I recently did a stock study on Check Point Software Technologies Inc. (CHKP) with a closing price of $182.43.

M* writes:

     > Check Point Software Technologies is a pure-play cybersecurity
     > vendor. The company offers solutions for network, endpoint,
     > cloud, and mobile security in addition to security management.
     > Check Point, a software specialist, sells to enterprises,
     > businesses, and consumers. Around 50% of revenue is generated
     > in Europe, the Middle East, and Africa, 40% from the Americas,
     > and 10% from the Asia-Pacific region. The firm, based in Tel
     > Aviv, Israel, was founded in 1993 and has about 5,000 employees.

Over the past 10 years, this medium-size company has grown sales and EPS at annualized rates of 5.1% and 8.0%, respectively. Lines are up, straight, and parallel without exception. Value Line gives an Earnings Predictability score of 100. Stock price shows a similar upward march and is now trading near top of its 52-week range. Except for the latter, perhaps, visual inspection is picture-perfect.

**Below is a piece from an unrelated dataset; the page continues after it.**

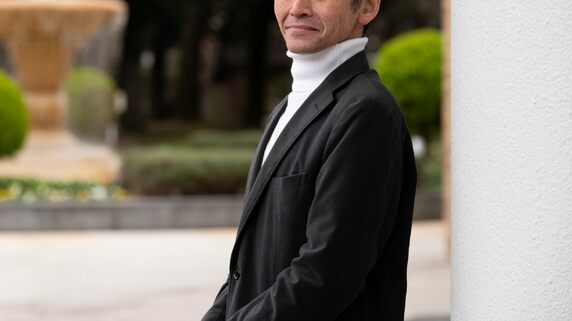 「父が“会社員”だったことはない」資産8億円・年金も手つかず…不労所得で暮らす70歳父を持つ息子が選んだ〈意外な人生設計〉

Over the past decade, PTPM leads peer and industry averages despite [also] trending lower from 55.5% (’14) to 40.4% (’23) with a last-5-year mean of 43.8%. ROE leads peer and industry averages while increasing from 17.4% (’14) to 28.8% (’23) with a last-5-year mean of 25.0%. Debt-to-Capital is much less than peer and industry averages at zero throughout: a horizontal line. I’ve never seen such a thing (especially given the 2017 FASB GAAP change in 2017 with regard to rentals/leases) and am honestly a bit puzzled since Value Line reports annual rentals of $6.3M.

M* reports Quick Ratio of 1.2, rates the company “Standard” for Capital Allocation, and assigns a “Narrow” Economic Moat. Value Line gives an A+ grade for Financial Strength.

With regard to sales growth:

My 4.0% forecast is below the range.

With regard to EPS growth:

My 5.0% forecast is at bottom of the long-term-estimate range (mean of six: 7.3%). Initial value is ’23 EPS of $7.10/share (annualized) rather than 2024 Q2 EPS of $7.24 (annualized).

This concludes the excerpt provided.